The Scarlet Facility houses two dedicated computer clusters -- a stack of desktop machines devoted to Monte Carlo modeling the radiation response of detectors that will be used in the Scarlet Laser Facility and a significantly more powerful machine called Ramses-II. The latter was acquired in mid-2011 and features six nodes with 48 cores and 130 GB of RAM *per node*. With so much computing power on a single motherboard, many simulations that previously were run over many nodes at the Ohio Supercomputer Center (OSC) can now be run in-house on a single Ramses node. These nodes have recenlty been connected together with infiniband communications to improve the speed of simulations running across multiple nodes. Also, 10 TB of RAID storage has been added as a high-speed repository for holding and accessing simulation data.

Computer Rack

         

Computer Rack

         

Computer Rack

The task of accurately simulating the microscopic details and rapid timescales of laser-plasma interactions requires considerable computational resources. Each year the HEDP group utilizes over 1,000,000 CPU-hours of computer time on a variety of machines. Our longtime ally has been the OSC, located on west campus. In 2011 we were awarded a Discovery Grant of 2 million CPU-hours on "Glenn", OSC's flagship machine at the time, named in honor of Ohio Senator/Astronaut John Glenn. Recently OSC has de-commissioned a large section of Glenn and replaced these nodes with newer ones, with significantly more RAM -- totaling more than 33 TB -- larger storage and a faster interconnect. This new cluster is named after Ohio Sharpshooter, Annie Oakley. Our group was among the first to exercise the new machine when it came online in February 2012.  Douglass Schumacher has had continuous support from the OSC for four years, currently at 4 Mcpu-hours/year.

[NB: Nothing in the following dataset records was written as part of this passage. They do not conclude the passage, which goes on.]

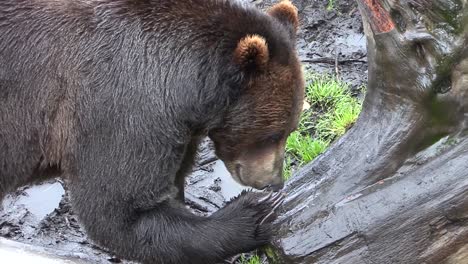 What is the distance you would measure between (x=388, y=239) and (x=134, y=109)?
1.44 meters

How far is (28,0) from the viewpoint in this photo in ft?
14.4

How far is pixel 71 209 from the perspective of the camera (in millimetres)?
5926

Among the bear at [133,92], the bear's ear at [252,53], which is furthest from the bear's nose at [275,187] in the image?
the bear's ear at [252,53]

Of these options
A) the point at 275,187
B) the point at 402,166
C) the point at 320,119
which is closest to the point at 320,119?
the point at 320,119

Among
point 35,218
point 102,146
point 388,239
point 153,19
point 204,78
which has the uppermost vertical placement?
point 153,19

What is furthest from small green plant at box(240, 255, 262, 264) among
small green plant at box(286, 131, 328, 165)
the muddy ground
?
small green plant at box(286, 131, 328, 165)

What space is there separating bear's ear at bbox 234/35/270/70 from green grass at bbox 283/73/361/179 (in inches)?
70.9

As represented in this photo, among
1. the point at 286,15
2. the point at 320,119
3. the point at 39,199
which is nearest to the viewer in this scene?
the point at 286,15

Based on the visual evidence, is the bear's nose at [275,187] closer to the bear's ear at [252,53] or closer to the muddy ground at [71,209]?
the bear's ear at [252,53]

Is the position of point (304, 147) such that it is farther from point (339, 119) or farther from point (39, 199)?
point (39, 199)

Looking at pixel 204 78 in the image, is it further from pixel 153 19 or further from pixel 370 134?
pixel 370 134

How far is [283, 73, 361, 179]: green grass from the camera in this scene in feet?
20.3

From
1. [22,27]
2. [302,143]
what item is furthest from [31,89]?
[302,143]

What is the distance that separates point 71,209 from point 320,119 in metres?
2.00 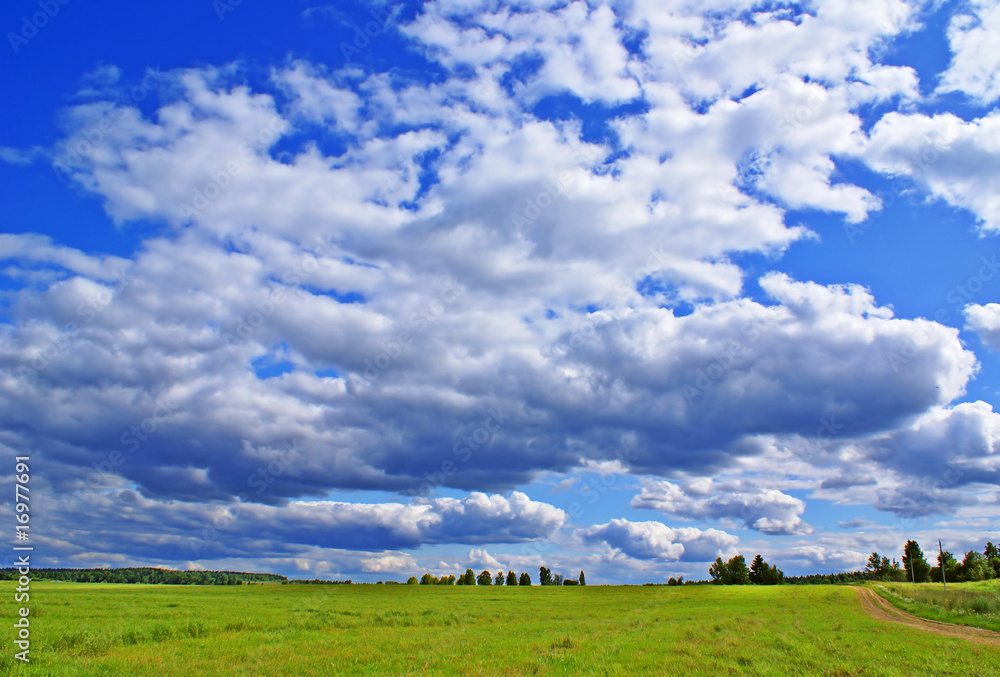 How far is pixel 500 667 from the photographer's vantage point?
25.5m

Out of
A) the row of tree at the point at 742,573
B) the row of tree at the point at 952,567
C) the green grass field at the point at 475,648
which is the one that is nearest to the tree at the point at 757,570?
the row of tree at the point at 742,573

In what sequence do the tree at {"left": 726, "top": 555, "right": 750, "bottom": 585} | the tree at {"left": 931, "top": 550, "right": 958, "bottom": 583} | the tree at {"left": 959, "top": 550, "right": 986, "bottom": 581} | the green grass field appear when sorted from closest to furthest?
the green grass field
the tree at {"left": 959, "top": 550, "right": 986, "bottom": 581}
the tree at {"left": 931, "top": 550, "right": 958, "bottom": 583}
the tree at {"left": 726, "top": 555, "right": 750, "bottom": 585}

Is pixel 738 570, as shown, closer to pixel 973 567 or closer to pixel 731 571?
pixel 731 571

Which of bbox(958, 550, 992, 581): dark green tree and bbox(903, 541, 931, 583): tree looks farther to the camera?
bbox(903, 541, 931, 583): tree

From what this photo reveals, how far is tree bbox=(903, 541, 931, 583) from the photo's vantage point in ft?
605

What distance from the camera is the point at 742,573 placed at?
190250mm

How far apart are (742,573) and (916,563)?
55.5 meters

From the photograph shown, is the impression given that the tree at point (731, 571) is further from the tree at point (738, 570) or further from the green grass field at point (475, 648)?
the green grass field at point (475, 648)

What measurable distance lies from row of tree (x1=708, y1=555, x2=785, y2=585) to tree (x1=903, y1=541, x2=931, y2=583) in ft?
129

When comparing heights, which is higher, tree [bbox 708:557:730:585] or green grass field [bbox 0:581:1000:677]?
green grass field [bbox 0:581:1000:677]

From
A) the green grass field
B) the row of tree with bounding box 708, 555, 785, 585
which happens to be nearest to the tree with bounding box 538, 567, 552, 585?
the row of tree with bounding box 708, 555, 785, 585

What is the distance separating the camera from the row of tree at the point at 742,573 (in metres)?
190

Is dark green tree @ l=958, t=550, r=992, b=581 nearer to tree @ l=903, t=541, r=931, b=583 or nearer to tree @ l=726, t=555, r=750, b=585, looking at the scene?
tree @ l=903, t=541, r=931, b=583

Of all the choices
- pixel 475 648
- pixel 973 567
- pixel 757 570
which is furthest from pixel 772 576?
pixel 475 648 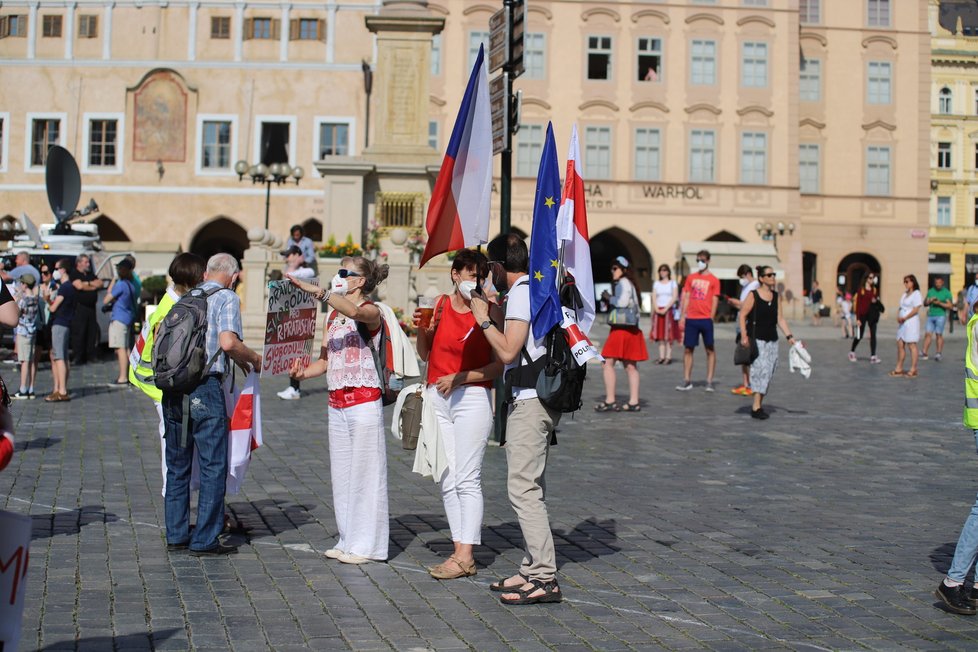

In collaboration with research scientists at Lawrence Livermore National Laboratory (LLNL), for certain projects we use the Sierra supercomputer.  Located at LLNL, and running at over 100 Tflop/s at peak, Sierra is one of the most powerful supercomputers in the United States. In late 2010 our group, in collaboration with senior LLNL scientist Scott Wilks, was awarded a "Tier One" allocation from the Unclassified Institutional Grand Challenge to use up to 200,000 CPU-hours per week on Sierra to investigate "Positron and Electron Generation by an Intense Laser Illuminating a Solid Target".